The United States also insists that it is not arguing, contrary to what Japan attempts to suggest, that the 1916 Act on the whole treats imported goods more favourably than the Robinson‑Patman Act treats domestic goods and only in a few instances treats imported goods less favourably than the Robinson‑Patman Act treats domestic goods. In the instant dispute, the United States is arguing essentially that one element of a 1916 Act claim ‑ the requirement of a malicious or predatory intent ‑ renders the 1916 Act more favourable to importers and imported goods than is the Robinson‑Patman Act to US sellers and their goods in every instance. The courts have interpreted this requirement as virtually impossible to satisfy, and the historical applications of the 1916 Act squarely support this view, as there has never been a successful case brought under the 1916 Act. The Robinson‑Patman Act, in contrast, has been successfully invoked on innumerable occasions to obtain relief involving US sellers and their goods. When this factor is taken into account to the extent that it might be capable of exerting an offsetting influence in each individual case, as it should be, the only reasonable conclusion is, again, that the 1916 Act treats importers and imported goods more favourably than the Robinson‑Patman Act treats US sellers and their goods.
The United States notes, moreover, that this approach was followed by the panel in the United States - Section 337 case. There, the panel explained that "an element of more favourable treatment would only be relevant if it would always accompany and offset an element of differential treatment causing less favourable treatment".279 The panel found that some of the procedural advantages given to foreign respondents under Section 337 operate in all cases, and therefore it "took these factors into account to the extent that they might be capable of exerting an offsetting influence in each individual case of less favourable treatment resulting from an element cited by the Community".280
Thus, in the view of the United States, it would be entirely appropriate for the Panel to begin and end its analysis of Japan's Article III claim based upon the fact that the intent requirement is virtually impossible to satisfy.

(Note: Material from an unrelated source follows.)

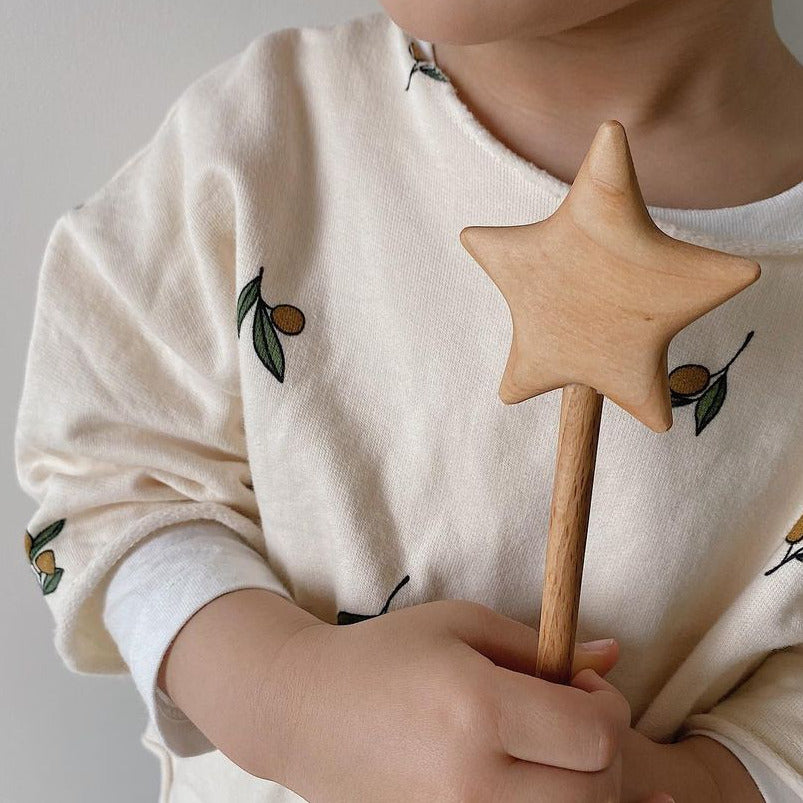 Tateplota Star Wand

Finally, the United States disagrees with Japan inasmuch as Japan claims that the panel report in EEC ‑ Oilseeds stands for the proposition that "the mere possibility that a measure may result in less favourable treatment of imported products is sufficient to establish a violation of Article III:4 of GATT 1994". This case does not stand for such a broad proposition. If that were the test, that would mean that the mandatory/non‑mandatory distinction could not apply in Article III cases. By definition, the mandatory/non‑mandatory distinction asks the question whether a WTO‑consistent application is possible. As we have pointed out, however, this distinction has been applied by panels considering Article III claims ‑ including, for example, United States ‑ Superfund and Thailand – Cigarettes. In the EEC ‑ Oilseeds case, the question was one of de facto discrimination under Article III. The panel considered whether the facts could result in less favourable treatment even though on its face the measure treated imported products no less favourably. In the present case, there is no possibility that the facts may result in unfavourable treatment because, as the United States
279 The United States refers to United States – Section 337, Op. Cit., para. 5.16.
280 The United States refers to ibid., para. 5.17.